### Work to be completed
Omit every picture while repeating the entries exactly.

▼

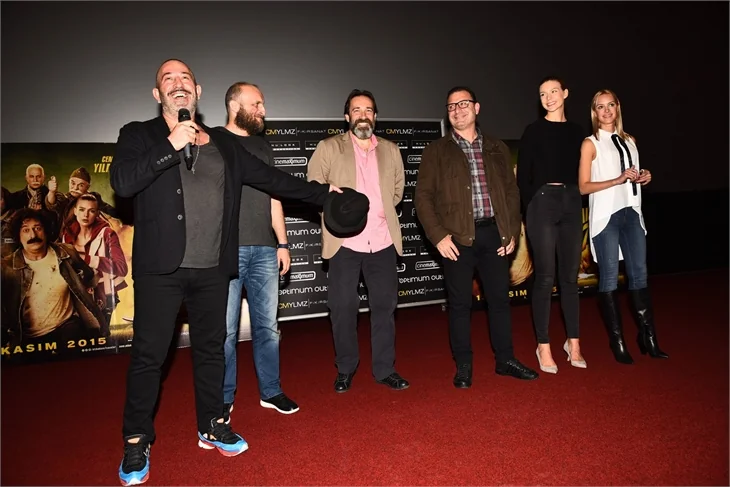 Cem Yılmaz'ın 'balkon' konuşması!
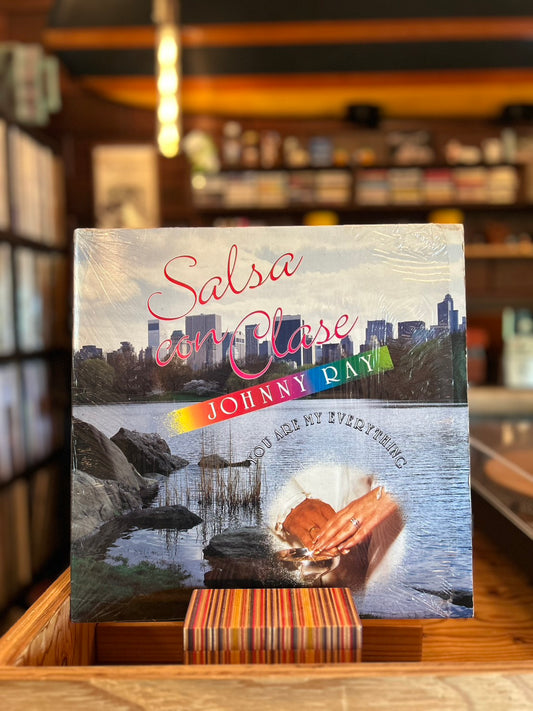 JOHNNY RAY / SALSA CON CLASE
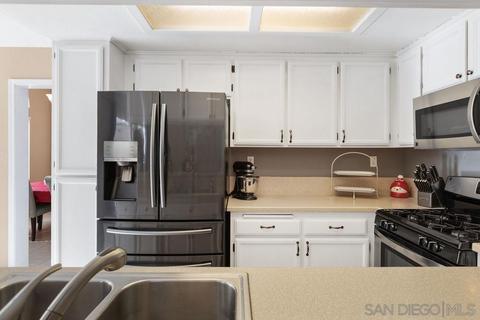 325 Springtree Pl, Escondido, CA 92026 photo 7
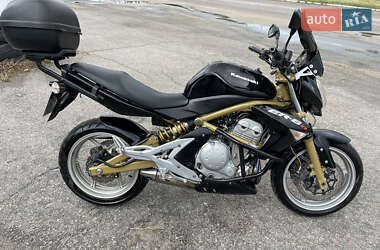 Мотоцикл Без обтекателей (Naked bike) Kawasaki ER 650 2006 в 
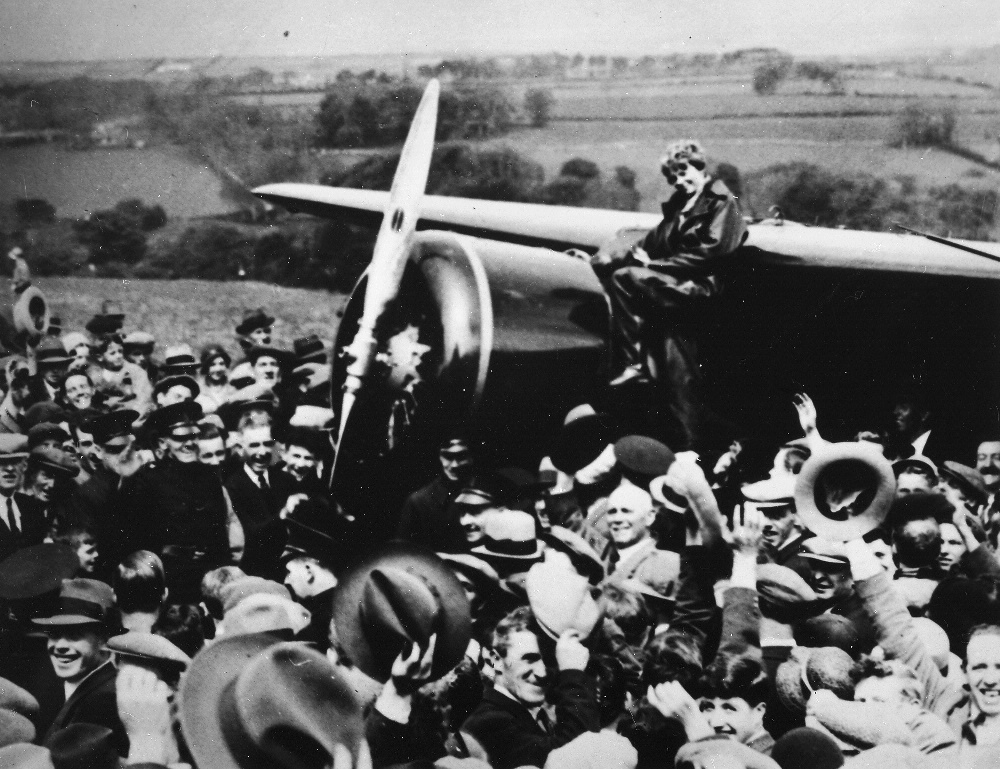 STEMfem's tweet photo. 5/20-21/1932 β Amelia Earhart, American aviatrix, becomes the first woman to fly solo across the Atlantic Ocean. The 15 hour flight began at Harbor Grace, Newfoundland, Canada, and ended near Londonderry, Northern Ireland #WomenInSTEM #SheIsTheFirst https://t.co/xHZEpSvPZm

▲

### Response box
 Cem Yılmaz'ın 'balkon' konuşması!
 JOHNNY RAY / SALSA CON CLASE
 325 Springtree Pl, Escondido, CA 92026 photo 7
 Мотоцикл Без обтекателей (Naked bike) Kawasaki ER 650 2006 в 
 STEMfem's tweet photo. 5/20-21/1932 β Amelia Earhart, American aviatrix, becomes the first woman to fly solo across the Atlantic Ocean. The 15 hour flight began at Harbor Grace, Newfoundland, Canada, and ended near Londonderry, Northern Ireland #WomenInSTEM #SheIsTheFirst https://t.co/xHZEpSvPZm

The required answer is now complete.